EXTRACTED RECORDS:
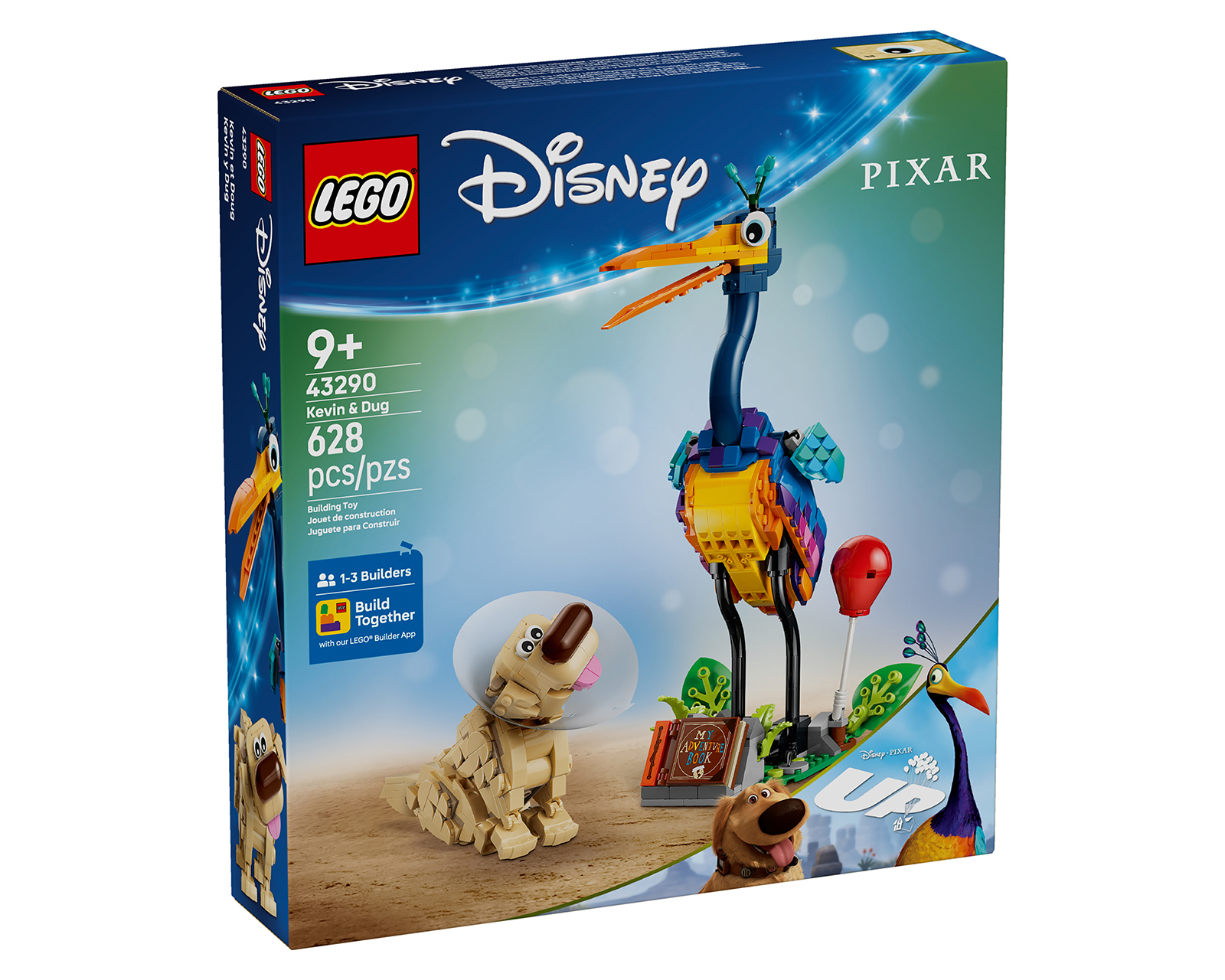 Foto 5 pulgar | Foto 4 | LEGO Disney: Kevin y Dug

* * *

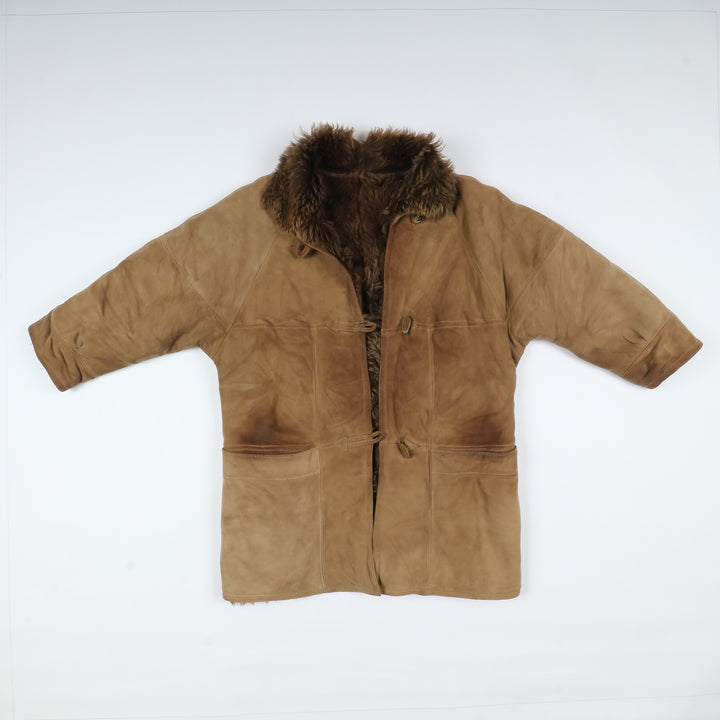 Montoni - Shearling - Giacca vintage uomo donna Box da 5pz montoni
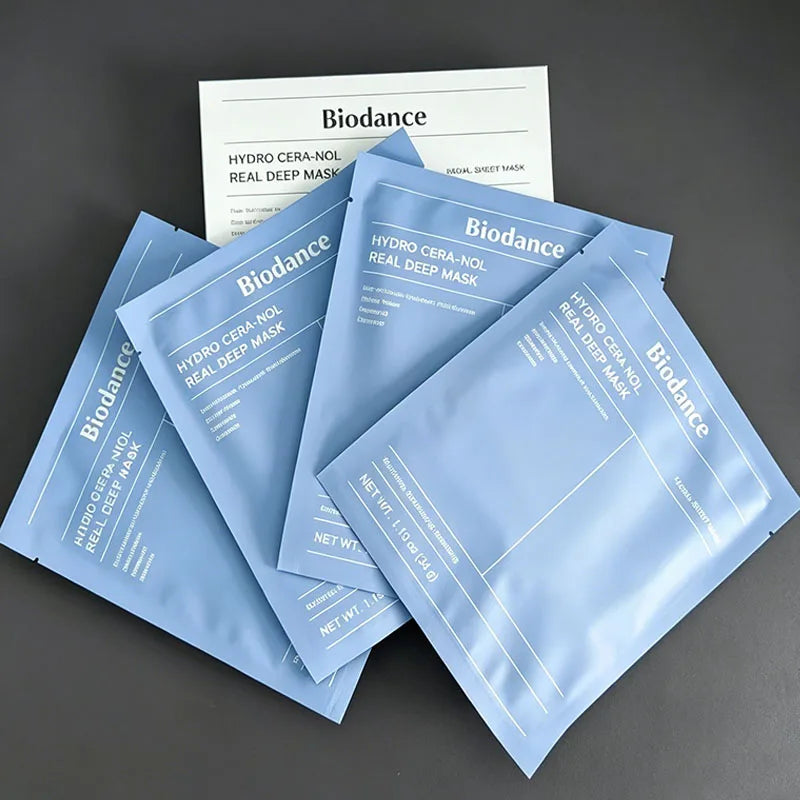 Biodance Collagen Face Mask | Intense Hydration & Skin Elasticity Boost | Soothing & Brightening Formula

WORK TO COMPLETE:
Text only, no pictures: please print exactly the lines above from the line with "Montoni - Shearling" up to and including the line with "Biodance Collagen Face", and nothing else.

OUTPUT FOR THIS TASK:
 Montoni - Shearling - Giacca vintage uomo donna Box da 5pz montoni
 Biodance Collagen Face Mask | Intense Hydration & Skin Elasticity Boost | Soothing & Brightening Formula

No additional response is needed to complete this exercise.